Day four, the day you’ve all been waiting for. :) I can summarize it in one word: abseiling Table Mountain. (Okay, that’s three words.) It was unbelievable! Let’s start at the beginning.
I woke up Friday morning and immediately looked out the window to check out Table Mountain. No tablecloth? Check. No wind? Check. “I think this is our day folks!” I said, waking up the others.
After eating breakfast at the lower cable car station we set out to hike Platteklip Gorge. The Lonely Planet City Guide to Cape Town says something like “none of the routes to Tabe Mountain is easy but at least Platteklip Gorge is straight forward.” That sounded better than description of the Indian Windows route that said, “the hikers you see from the cable car, perched like mountain goats on apparently sheer cliffs, are taking this route.” Uh, no.
We started off our hike at a pretty slow pace. When you go from near sea level to almost 1,000 meters there are not a lot of flat or downhill areas to hike. After being passed by other groups of hikers, including what must have been a 6-year old with his parents, we girls decided to give up. It would have taken us six hours – instead of the suggested two – at the pace we were going. Besides, it was Brian and Scott who really wanted to hike up. So, while Brian and Scott continued their trek to the top, Fallon Suzie and I headed back down to take the cable car. (Brian says you have to “earn” the views of Table Mountain by hiking. I say that I earned the R105 to take the cable car. :))
The cable car ride up is fun, but in context of the whole day, not much to say about it.
So we get to the top of Table Mountain and start walking around to take in the spectacular views. Anyone visiting Cape Town at least needs to take the cable car up, even if you’re not going to abseil. There are lots of little paths to walk all around and great views of the beach and city.
Now, as much as I talked up the idea of abseiling, I’m still scared of heights. (I liked to say that I’m not afraid of heights, I’m afraid of falling from them. :)) From the upper cable car station it was easy to spot the Abseil Africa crew setting up. When we found a spot to look over where the ropes were hanging down my immediate thought was, “Oh, uh uh. No way.” I had seen the pictures on their website, I literally gasped out loud when it loaded, but to see the cliff in real life is absolutely heart stopping.

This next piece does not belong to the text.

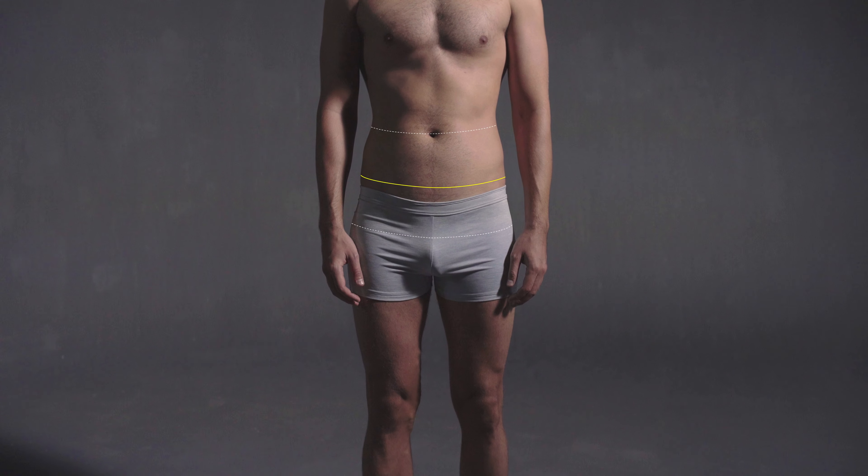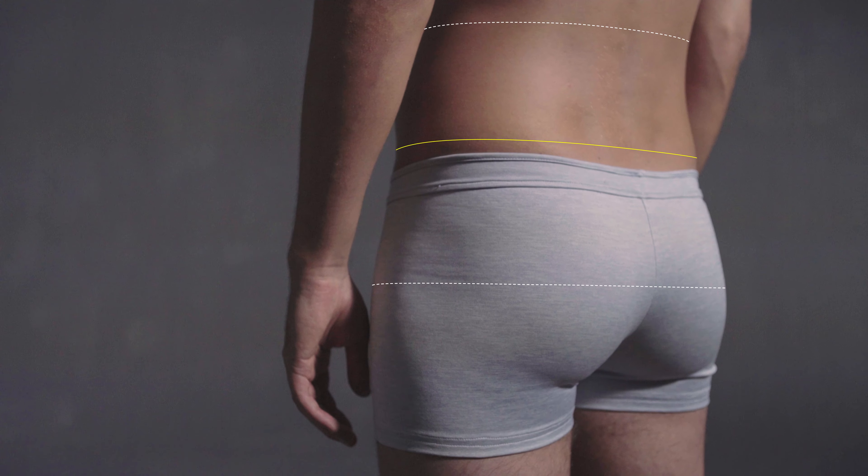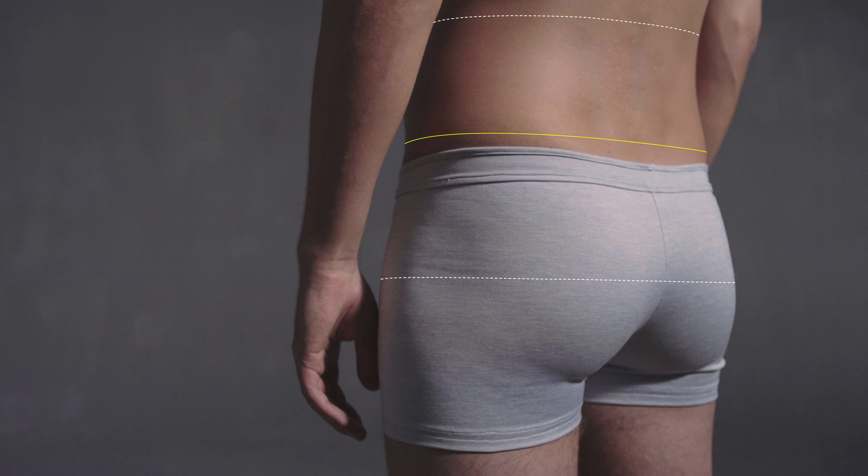Measure the girth at the top of the hip bone, about halfway between the waist and low hip levels. Stand in a natural relaxed stance and breathe normally.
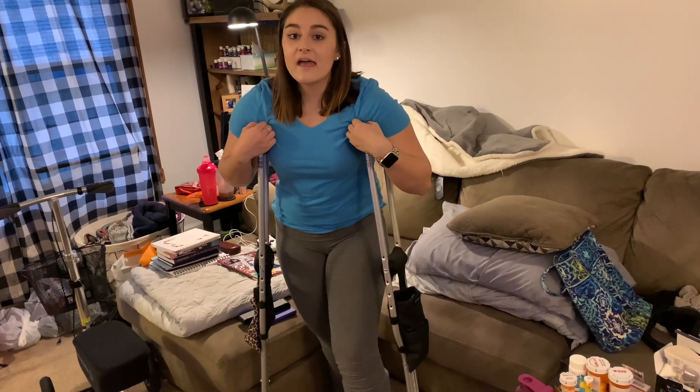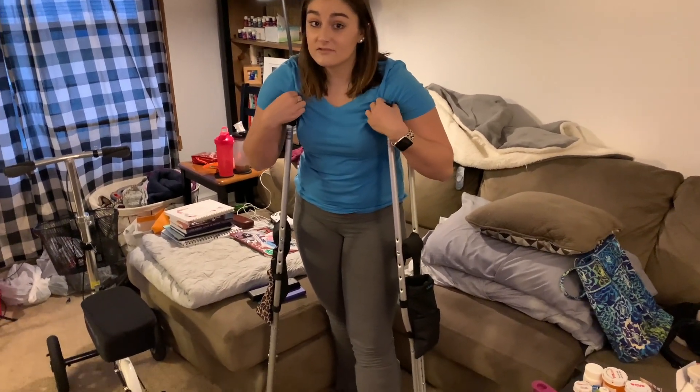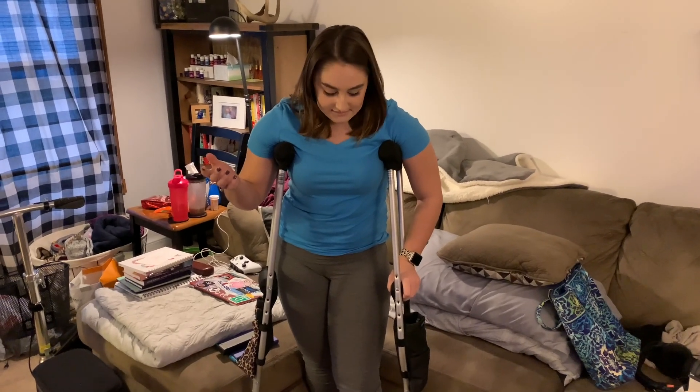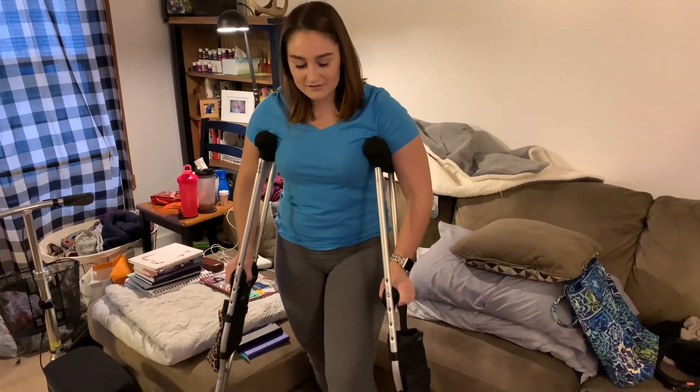First I'll show you how I get up and down the stairs. The day of my surgery I had to practice on a little platform, and then the day after surgery they made me do a full flight of stairs up and down on crutches — that was really awful but it taught me. At home I usually go down the stairs on my butt because I'm more comfortable that way and feel a lot safer, especially when I'm home alone. I do go up normally though, so I'll show you that now.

We started day three hoping to hike Table Mountain. For our first two days in Cape Town the infamous “tablecloth” had covered the top of Table Mountain. Thursday morning we didn’t see the tablecloth, but forgot to take into account the wind. By the time we drove to the lower cable car station the winds were so strong we didn’t want to get out of the car to eat breakfast!

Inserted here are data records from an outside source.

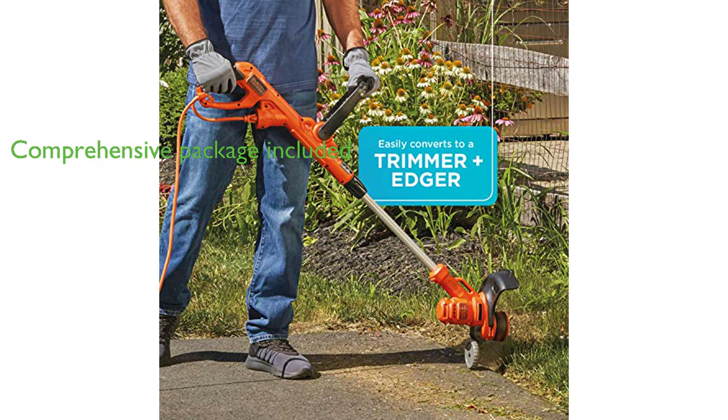This package includes the BESTA512 string trimmer, MTD-100 detachable mower deck, AF100 spool, auxiliary handle, and guard, making it a great solution for mowing inclines or areas that are difficult to reach with standard mowers.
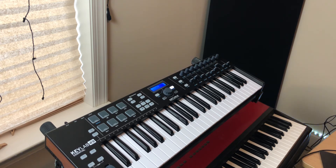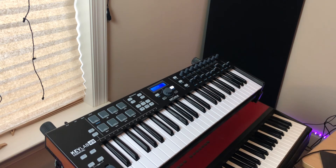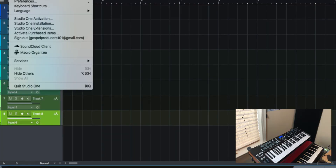Today we're going to set it up inside of Studio One, and this can be done really simply and easily. The KeyLab Essential uses the Mackie HUI protocol, which is pretty much a standard protocol. So if you've ever set anything up with Mackie, this is going to be easy — and if not, I'm going to show you real quick.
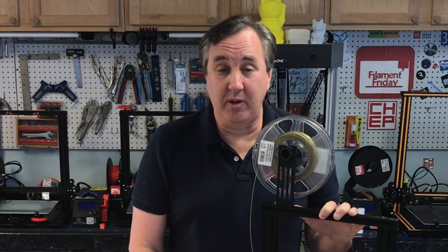That's it for this week. If you like what I'm doing here, check out some of these other videos where I help you fix problems. If you want to support the channel, Patreon is one way, or just buy through the affiliate links in the description below — it helps a lot. And if nothing else, click on that CHEP logo and subscribe. I'll see you next time right here at Filament Friday.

With our Table Mountain plans scrapped we headed for Wine Country. Highlights of our tour through wine country include:
- Shopping at the craft market in Stellenbosch. Pretty much everyone bought something there. I bought my first animal sculpture – an elephant made from iron wood. (My philosophy on buying animal crafts is that I have to have seen the animal in a setting other than a zoo. Our camping trip to Nata finally allowed me to purchase the elephant!)
- Being goofy tourists: There were a bunch of organized tours going through Wine Country; all filled with people old enough to be our parents. At the Stellenbosch Information Center they gave away free visors, perfect for the “older” crowd. Of course we had to pick up our own visors and stage a picture with the information sign. (Check out the top left corner of the collage.) :)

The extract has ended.